• [AIM OF THE TASK]
Please write out every line of the listing without alteration, but omit the images.

• [RAW DATA]
--------------------
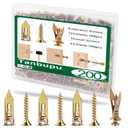 200Pcs Self Drilling Drywall Anchors with Screws Kit, 2025 Upgraded (0.47X1.18inch) Zinc Plated Steel Wall Anchors and Self Tapping Screws No Drill or Holes in Wall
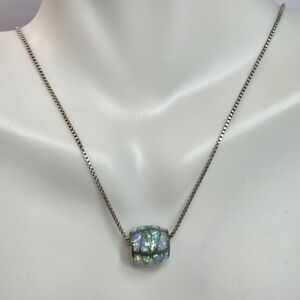 vtg fire opal sterling silver necklace box chain 16in barrel pendant 5.37g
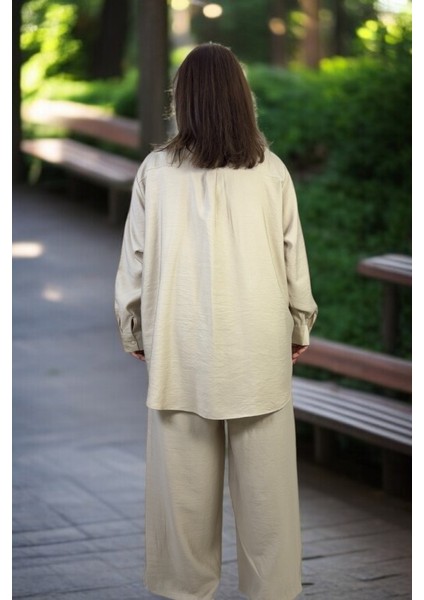 Önden Düğmeli Tunik Gömlek Beli Lastikli Pantolon Büyük Beden Pamuklu Tnsel Kumaş Ikili indirimleri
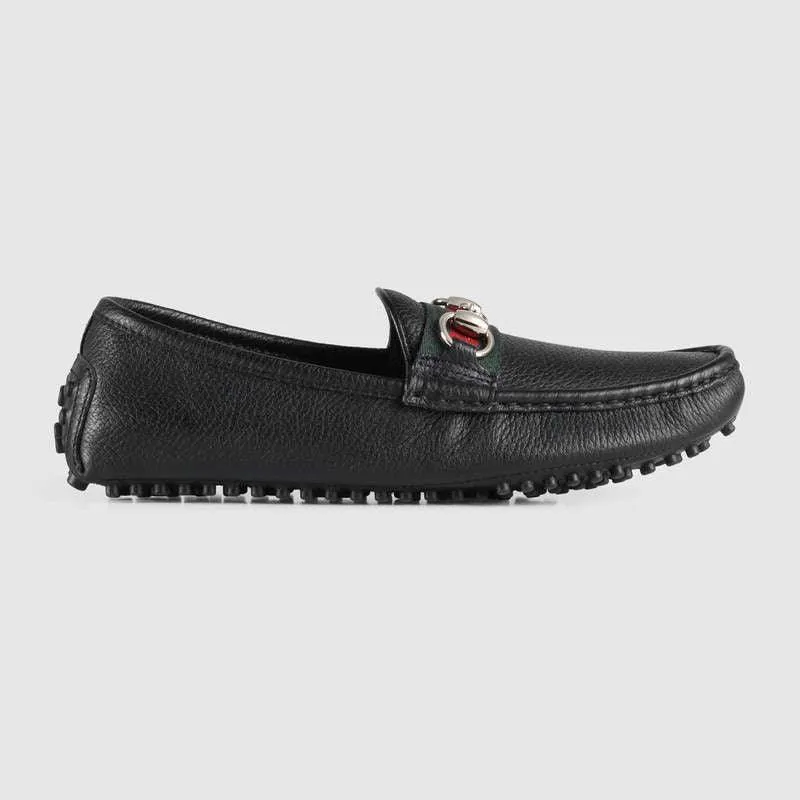 Leather Horsebit Driver Black Leather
--------------------
• [ANSWER TO THIS EXERCISE]
 200Pcs Self Drilling Drywall Anchors with Screws Kit, 2025 Upgraded (0.47X1.18inch) Zinc Plated Steel Wall Anchors and Self Tapping Screws No Drill or Holes in Wall
 vtg fire opal sterling silver necklace box chain 16in barrel pendant 5.37g
 Önden Düğmeli Tunik Gömlek Beli Lastikli Pantolon Büyük Beden Pamuklu Tnsel Kumaş Ikili indirimleri
 Leather Horsebit Driver Black Leather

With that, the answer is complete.